INTERVIEWS, REVIEWS & RELATED ARTICLES
San Francisco Chronicle FEBRUARY 17, 2001 - by Jesse Hamlin
ENO ASSEMBLES LUSH SOUNDSCAPE
An urban retreat within SFMOMA
Brian Eno likes spaces of contemplation amid the hurly-burly of big cities.
He has created one at the San Francisco Museum of Modern Art, in a dark room where floating electronic sounds hum, ring and vanish, and strings of tiny white lights rise to the ceiling from gossamer pods that remind him of jellyfish.
Eno, the esteemed British musician and artist who used the term "ambient" to describe the subtle, spacious sounds on his pioneering 1978 album Music For Airports, cooked up the installation for SFMOMA's exhibition 010101: Art in Technological Times, which opens March 3.
"It's an idea for a kind of retreat people can go to in the city," says Eno, who was there yesterday tweaking the piece, which he describes as a sort of "simulated forest" of the future. He gave it a "deliberately clunky" title - New Urban Spaces Series No. 4, Compact Forest Proposal - "because I want it to be like an architectural submission for a new space."
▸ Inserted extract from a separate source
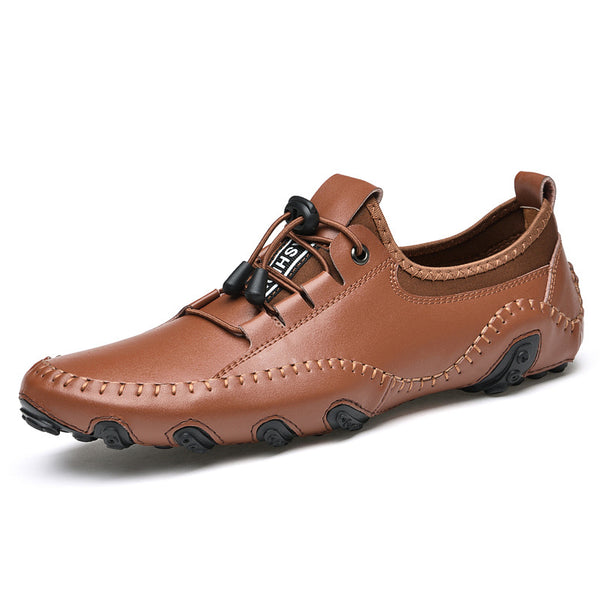 Kaegerel zapatos de cuero hechos a mano para hombres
Eno says the mannequin that stands ghost-like in the corner - becoming visible only when the eye adjusts to the darkness - is the architect (procured from the Gap).
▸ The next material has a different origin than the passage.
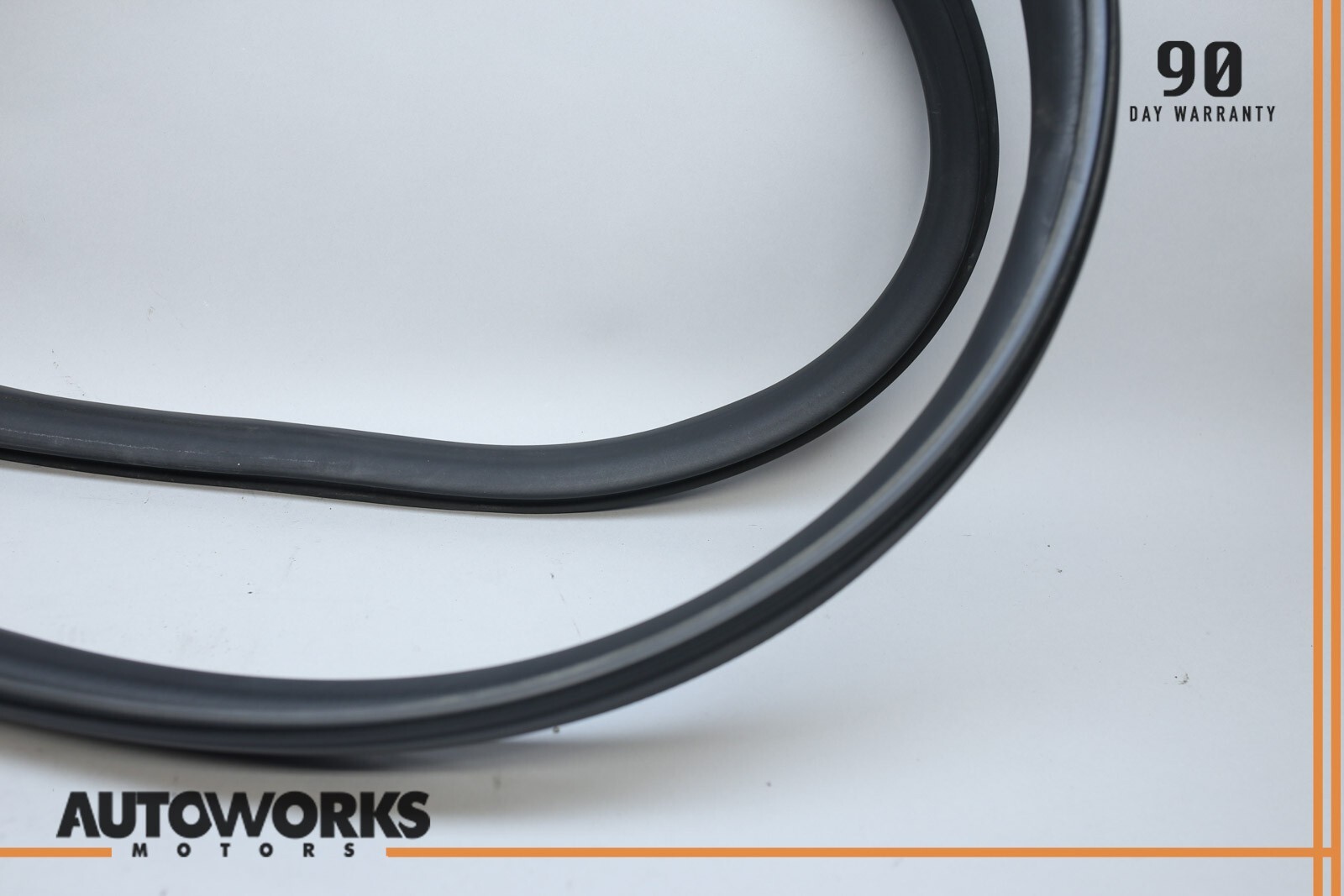 14-19 Maserati Ghibli M157 Front Left Driver Door Weather Strip Gasket Seal OEM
Arching along the walls like sculptures are eleven CD players and a series of square grids with tiny speakers. They emit a wide range of sounds - sparkling bells and rubbery underwater bass tones, celestial hums and whooshes, guitars and gongs - that glide and cluster in random patterns (among other things, Eno synthesized the voice of a Japanese waitress).
"I don't know exactly what combinations are going to happen," says Eno. "The cards are constantly being shuffled differently."
He originally wanted to bring real tree trunks into the museum. But they would have required fumigation to ensure that "the bugs wouldn't eat the museum's collection." Instead he chose the lights, which suggest growing things as well as "bubbles coming up from underwater" and "rockets going into the sky.
Visitors sometimes sit dream-like for an hour in his installations, Eno says, contradicting the notion that people have short attention spans. "I'm trying to seduce people so that they want to stay longer and slow down a little bit. People enjoy their own company. That's what's going on in there."